Jewish secularism

Jewish secularism comprises those Jewish people who are secular and the body of work produced by secular Jews. Among secular Jews, traditional Jewish holidays may be celebrated as historical and nature festivals, while life-cycle events such as births, marriages, and deaths, may be marked in a secular manner.

Throughout modern history, Jewish thinkers have challenged traditional Judaism. From the time of Baruch Spinoza (1632–77) and his “agnostic morality”, came the belief of the human sense of morality through education and family life, not religious morality.
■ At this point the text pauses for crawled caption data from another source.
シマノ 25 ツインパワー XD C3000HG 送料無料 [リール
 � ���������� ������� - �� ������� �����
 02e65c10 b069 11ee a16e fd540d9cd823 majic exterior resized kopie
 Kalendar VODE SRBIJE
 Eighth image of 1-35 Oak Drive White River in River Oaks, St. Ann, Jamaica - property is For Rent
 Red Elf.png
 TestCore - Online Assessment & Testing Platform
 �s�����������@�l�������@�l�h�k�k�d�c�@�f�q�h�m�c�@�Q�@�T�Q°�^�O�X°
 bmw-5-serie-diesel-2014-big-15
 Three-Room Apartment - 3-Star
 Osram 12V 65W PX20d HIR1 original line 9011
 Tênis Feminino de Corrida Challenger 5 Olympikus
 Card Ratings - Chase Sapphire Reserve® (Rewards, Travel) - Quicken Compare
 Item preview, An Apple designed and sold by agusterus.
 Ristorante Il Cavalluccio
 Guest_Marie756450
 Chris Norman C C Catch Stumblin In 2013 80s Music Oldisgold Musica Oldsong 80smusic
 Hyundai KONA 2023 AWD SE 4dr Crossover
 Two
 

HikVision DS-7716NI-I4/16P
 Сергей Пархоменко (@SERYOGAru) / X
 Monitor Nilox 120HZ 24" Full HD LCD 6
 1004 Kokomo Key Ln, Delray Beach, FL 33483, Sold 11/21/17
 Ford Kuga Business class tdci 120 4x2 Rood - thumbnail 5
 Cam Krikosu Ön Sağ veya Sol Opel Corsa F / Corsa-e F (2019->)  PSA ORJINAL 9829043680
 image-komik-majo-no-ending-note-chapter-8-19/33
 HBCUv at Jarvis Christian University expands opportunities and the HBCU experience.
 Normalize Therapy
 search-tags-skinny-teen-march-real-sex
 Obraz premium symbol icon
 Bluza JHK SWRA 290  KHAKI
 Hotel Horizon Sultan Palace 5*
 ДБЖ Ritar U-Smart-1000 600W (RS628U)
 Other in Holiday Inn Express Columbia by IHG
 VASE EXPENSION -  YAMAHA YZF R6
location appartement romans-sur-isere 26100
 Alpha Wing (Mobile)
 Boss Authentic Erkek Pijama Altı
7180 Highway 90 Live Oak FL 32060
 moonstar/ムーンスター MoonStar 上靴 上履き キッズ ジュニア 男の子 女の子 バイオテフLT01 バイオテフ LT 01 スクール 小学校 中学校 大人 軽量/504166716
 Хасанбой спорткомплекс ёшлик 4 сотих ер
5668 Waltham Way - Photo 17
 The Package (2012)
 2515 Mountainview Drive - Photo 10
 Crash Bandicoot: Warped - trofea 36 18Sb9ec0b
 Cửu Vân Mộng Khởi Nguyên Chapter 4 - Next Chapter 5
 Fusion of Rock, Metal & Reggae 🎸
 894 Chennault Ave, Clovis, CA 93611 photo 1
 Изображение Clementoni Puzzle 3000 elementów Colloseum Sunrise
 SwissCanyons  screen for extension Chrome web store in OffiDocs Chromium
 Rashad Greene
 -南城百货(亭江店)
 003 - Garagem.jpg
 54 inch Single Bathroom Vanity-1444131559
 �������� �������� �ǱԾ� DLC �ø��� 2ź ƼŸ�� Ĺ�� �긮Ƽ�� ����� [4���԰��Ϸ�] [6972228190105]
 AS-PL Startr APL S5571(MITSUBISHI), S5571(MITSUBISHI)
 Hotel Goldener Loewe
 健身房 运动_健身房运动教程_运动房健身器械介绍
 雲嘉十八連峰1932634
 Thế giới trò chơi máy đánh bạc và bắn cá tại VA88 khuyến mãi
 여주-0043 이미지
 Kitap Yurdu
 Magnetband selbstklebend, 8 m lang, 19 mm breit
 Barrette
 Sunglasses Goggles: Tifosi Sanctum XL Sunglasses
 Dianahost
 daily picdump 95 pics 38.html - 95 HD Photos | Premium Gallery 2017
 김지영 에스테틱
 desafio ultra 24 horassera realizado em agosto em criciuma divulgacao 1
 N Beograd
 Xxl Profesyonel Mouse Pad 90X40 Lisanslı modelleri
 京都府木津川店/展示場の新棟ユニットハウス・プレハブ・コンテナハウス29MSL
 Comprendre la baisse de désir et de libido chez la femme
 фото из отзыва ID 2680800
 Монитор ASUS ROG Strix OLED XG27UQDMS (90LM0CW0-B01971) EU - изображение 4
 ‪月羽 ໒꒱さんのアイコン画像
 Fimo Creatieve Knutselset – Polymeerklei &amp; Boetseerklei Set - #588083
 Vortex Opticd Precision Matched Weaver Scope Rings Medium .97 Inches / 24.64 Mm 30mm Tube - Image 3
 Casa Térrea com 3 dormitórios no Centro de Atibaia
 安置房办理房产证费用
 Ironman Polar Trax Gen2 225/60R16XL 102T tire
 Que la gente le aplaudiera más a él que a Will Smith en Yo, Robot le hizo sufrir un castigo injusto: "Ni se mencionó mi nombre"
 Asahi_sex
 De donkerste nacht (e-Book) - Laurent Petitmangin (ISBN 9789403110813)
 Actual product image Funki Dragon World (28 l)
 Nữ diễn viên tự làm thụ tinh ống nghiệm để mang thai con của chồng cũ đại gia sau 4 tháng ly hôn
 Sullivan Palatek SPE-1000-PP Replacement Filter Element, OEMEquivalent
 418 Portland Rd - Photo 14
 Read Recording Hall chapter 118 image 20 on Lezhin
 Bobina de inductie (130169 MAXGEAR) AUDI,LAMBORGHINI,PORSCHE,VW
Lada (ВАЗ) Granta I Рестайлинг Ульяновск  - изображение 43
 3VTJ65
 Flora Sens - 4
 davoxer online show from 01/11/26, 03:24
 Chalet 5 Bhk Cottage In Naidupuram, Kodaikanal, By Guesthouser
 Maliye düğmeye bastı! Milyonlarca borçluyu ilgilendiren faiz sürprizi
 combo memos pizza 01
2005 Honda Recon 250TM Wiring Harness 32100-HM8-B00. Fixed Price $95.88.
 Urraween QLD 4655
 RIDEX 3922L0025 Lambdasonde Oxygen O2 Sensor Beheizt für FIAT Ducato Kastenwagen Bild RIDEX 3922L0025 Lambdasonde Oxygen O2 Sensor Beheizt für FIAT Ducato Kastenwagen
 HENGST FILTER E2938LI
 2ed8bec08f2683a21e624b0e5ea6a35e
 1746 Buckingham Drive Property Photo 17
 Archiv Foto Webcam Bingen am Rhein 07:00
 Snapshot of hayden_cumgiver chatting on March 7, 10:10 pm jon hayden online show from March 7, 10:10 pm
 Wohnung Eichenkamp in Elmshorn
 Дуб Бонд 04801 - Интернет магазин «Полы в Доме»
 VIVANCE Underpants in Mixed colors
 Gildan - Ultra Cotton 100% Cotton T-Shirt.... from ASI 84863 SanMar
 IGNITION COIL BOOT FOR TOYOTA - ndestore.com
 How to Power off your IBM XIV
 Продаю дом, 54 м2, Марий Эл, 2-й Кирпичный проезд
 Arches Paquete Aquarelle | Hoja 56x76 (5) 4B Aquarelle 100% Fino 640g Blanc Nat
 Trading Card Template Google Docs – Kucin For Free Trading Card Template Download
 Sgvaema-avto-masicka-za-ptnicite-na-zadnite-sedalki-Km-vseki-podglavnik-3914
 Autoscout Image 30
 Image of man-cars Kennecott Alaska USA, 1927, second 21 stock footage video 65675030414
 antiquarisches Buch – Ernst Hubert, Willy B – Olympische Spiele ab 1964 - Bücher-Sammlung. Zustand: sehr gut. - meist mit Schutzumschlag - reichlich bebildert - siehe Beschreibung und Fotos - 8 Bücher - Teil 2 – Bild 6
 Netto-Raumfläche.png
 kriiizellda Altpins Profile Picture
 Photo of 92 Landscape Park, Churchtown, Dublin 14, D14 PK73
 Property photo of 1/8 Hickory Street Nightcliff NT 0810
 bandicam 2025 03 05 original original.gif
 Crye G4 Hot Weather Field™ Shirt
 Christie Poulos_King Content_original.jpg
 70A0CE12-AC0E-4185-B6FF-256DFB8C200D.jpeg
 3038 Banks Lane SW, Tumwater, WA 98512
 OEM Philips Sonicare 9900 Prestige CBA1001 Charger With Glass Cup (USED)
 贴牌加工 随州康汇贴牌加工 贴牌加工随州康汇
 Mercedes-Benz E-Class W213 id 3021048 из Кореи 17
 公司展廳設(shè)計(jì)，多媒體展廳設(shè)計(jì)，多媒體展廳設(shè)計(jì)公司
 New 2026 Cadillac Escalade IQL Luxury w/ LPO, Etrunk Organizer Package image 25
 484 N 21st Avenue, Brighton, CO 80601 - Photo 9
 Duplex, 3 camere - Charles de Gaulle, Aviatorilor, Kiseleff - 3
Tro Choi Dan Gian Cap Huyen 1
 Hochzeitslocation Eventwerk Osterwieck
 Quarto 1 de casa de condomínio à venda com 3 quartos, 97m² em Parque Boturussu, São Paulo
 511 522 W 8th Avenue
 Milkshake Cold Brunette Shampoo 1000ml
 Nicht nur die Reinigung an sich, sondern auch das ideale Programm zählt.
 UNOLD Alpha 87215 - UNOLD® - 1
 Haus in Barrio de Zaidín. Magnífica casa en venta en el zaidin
During the nineteenth century, members of the Society for the Culture and Science of the Jews (Verein fur Kultur und Wissenschaft der Juden) viewed the Jewish people as a cultural group rather than a religious one. These secularists, building on foundations of the Enlightenment or Haskalah, were keen to integrate humanistic culture and education with a Jewish culture not linked to rabbinical dictates, or the existence of a personal God.

In the late nineteenth and early twentieth centuries, Ahad Ha'am contributed to the secular movement with his ideas on Jewish national identity, religion and religious practice. He saw Jewish religious cultural tradition as integral for the education of secular Jews.

Figures

Secular Jewish art and culture flourished between 1870 and the Second World War, with 18,000 titles in Yiddish and thousands more in Hebrew and European languages, along with hundreds of plays and theater productions, movies, and other art forms. Franz Kafka and Marcel Proust rank among the creators of these works.

Many prominent Jews have been secular, including Sigmund Freud, Marc Chagall, Henri Bergson, Heinrich Heine, Albert Einstein, Theodor Herzl, Louis Brandeis, Micha Josef Berdyczewski and Hayim Nahman Bialik.

State of Israel

Main article: Hiloni

The creation of the State of Israel in 1948 is often seen as secular Jews' greatest achievement, with Hebrew as a spoken language rather than a language of prayer, and the majority of the population living secular Jewish lives. Some 2,000 secular Israeli schools exist, where children study Jewish history and literature and celebrate the holidays without prayer or religion.